There are some signs of maturity at Tin Shed Estate in the Barossa, but the label is still primarily about encouraging the enjoyment of food and wine
The Tin Shed Wines adventure began in 1997 when Peter Clarke’s passion for food and wine overflowed one night in the company of friend and viticulturist Andrew Wardlaw. Peter is head chef and part-owner of the award-winning Vintners Bar & Grill near Angaston.
The following year, the pair combined their talents in a small tin shed to create their first wine. This Shiraz was mollycoddled from the outset – handpicked and hand nurtured using wild fermentation and minimal additions.

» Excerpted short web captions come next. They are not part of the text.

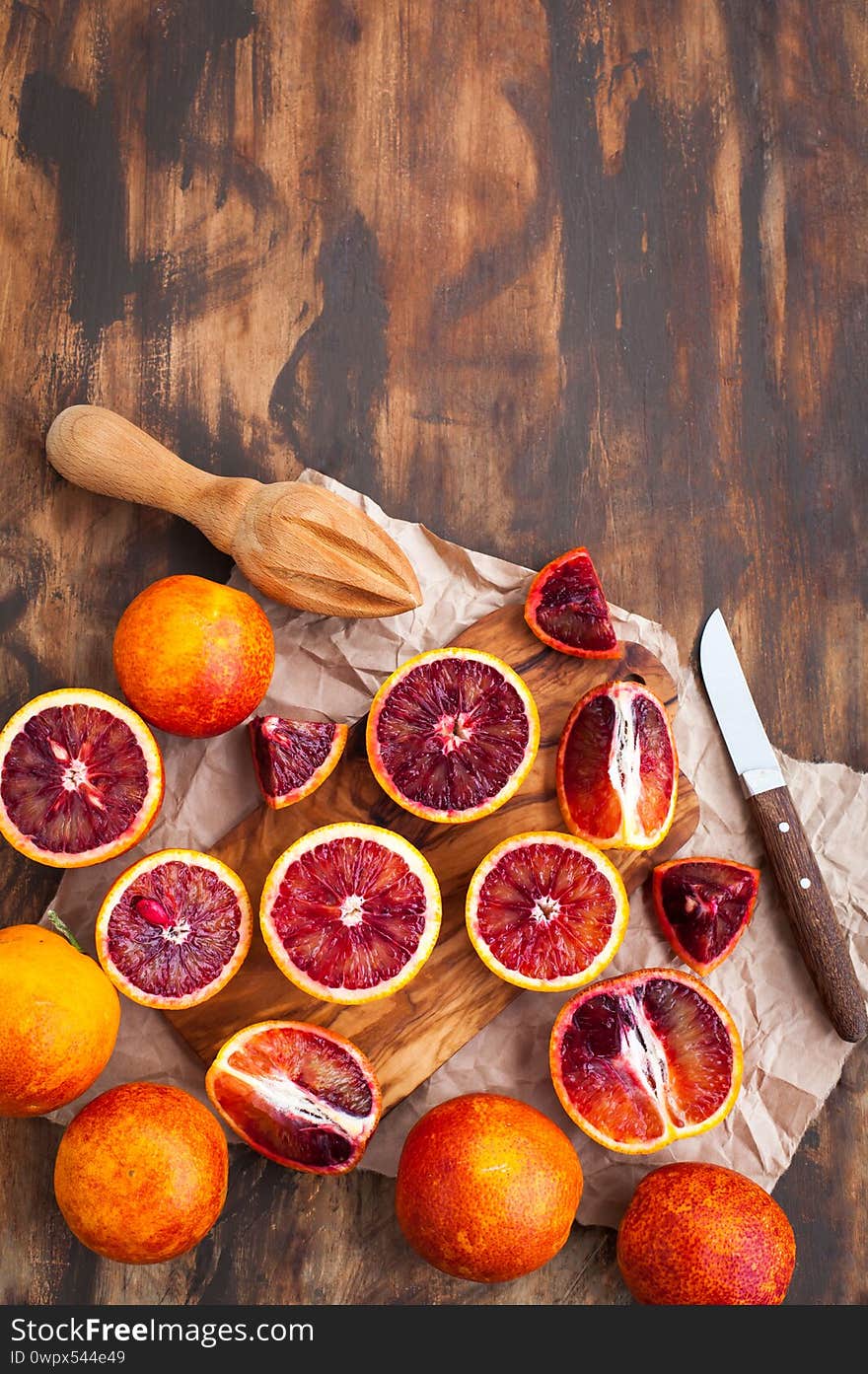 Fresh ripe red blood oranges sicilian, top view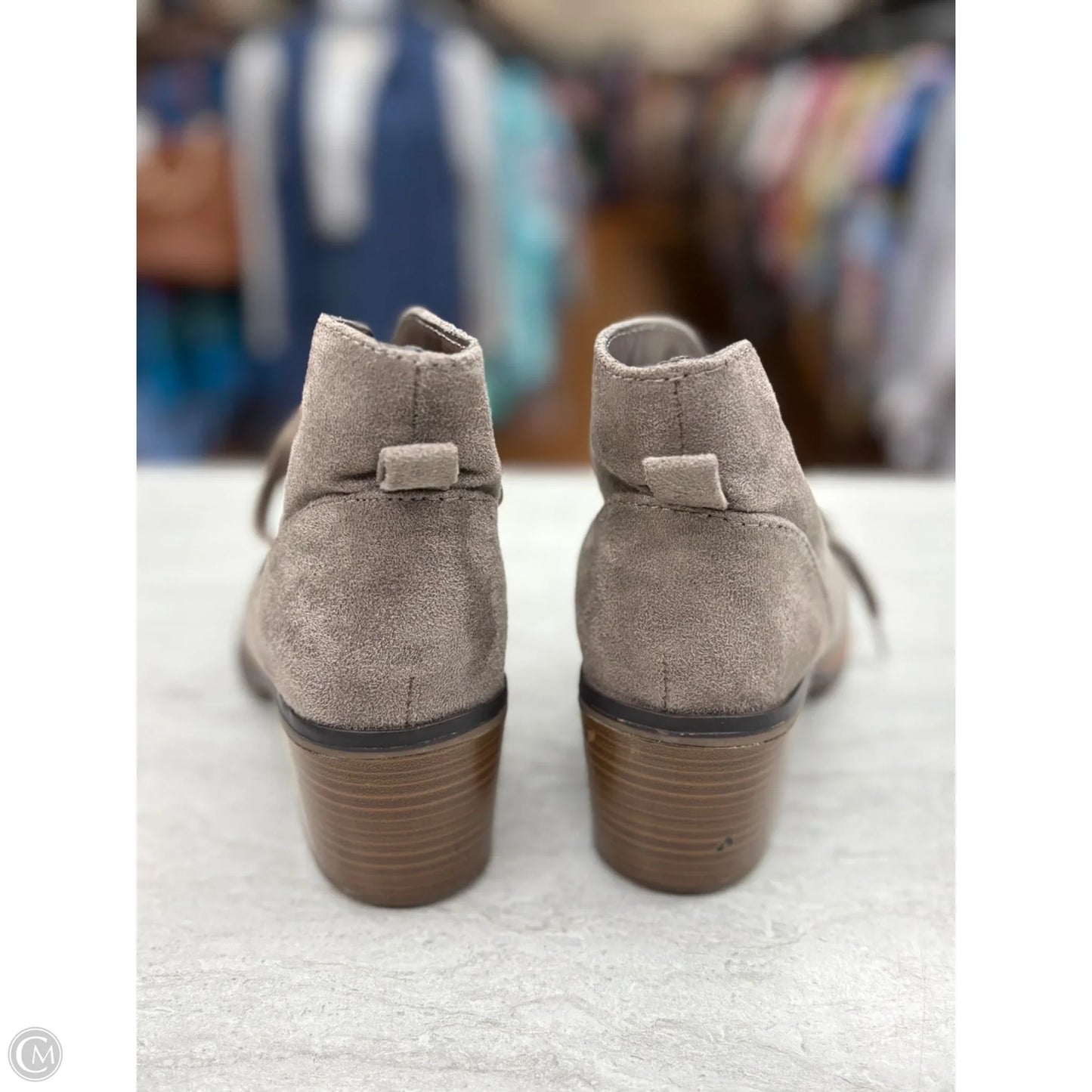 Boots Ankle Heels By Merona In Taupe, Size: 7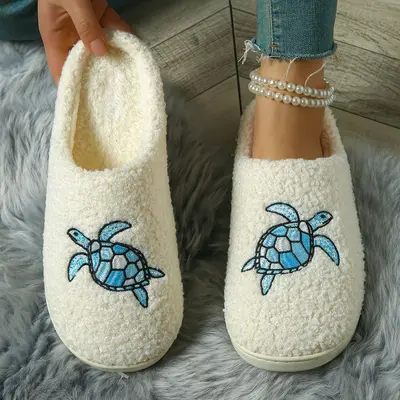 Embroidered Turtle Home Slippers, Unisex Memory Foam Warm Winter Slippers - 4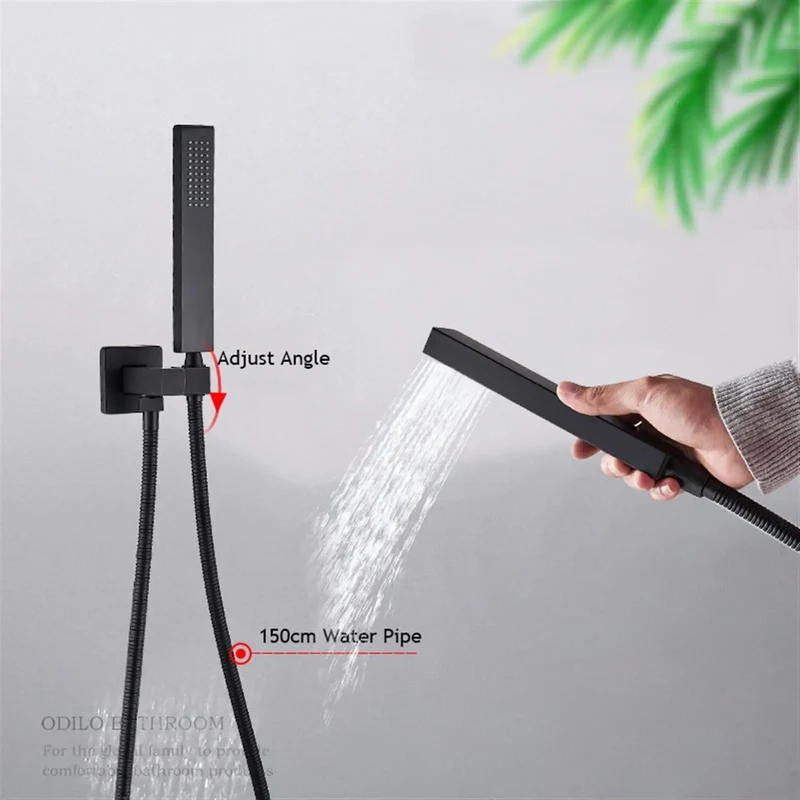 Top Notch Matte Black Digital Shower System Featuring Wall Mounted Rain Waterfall Head With Led Temp Display Valve And Kickin Hot Water Settings For A Slick Bathroom Glow Up That Slays Everyday Showers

The undivided attention the fruit and resulting wine received paid off, with the Single Wire Shiraz receiving accolades from wine lovers and wine writers alike.
Despite the temptation to accelerate production, Tin Shed Wines chose instead to concentrate on creating wines that were subtle and allowed the real character of the vineyard to dominate. Rather than produce larger volumes of one particular wine, Peter and Andrew pooled their expertise and played with a new blend of Mourvedre, Shiraz and Grenache.
The success of this second wine led to other inspired decisions, such as the Wild Bunch Riesling in 2002, again a result of the same techniques – wild ferment, minimal additions and loads of attention. Following this the Melting Pot Shiraz, then one particular “fruit salad” block, inspired the production of the All Day Rosé.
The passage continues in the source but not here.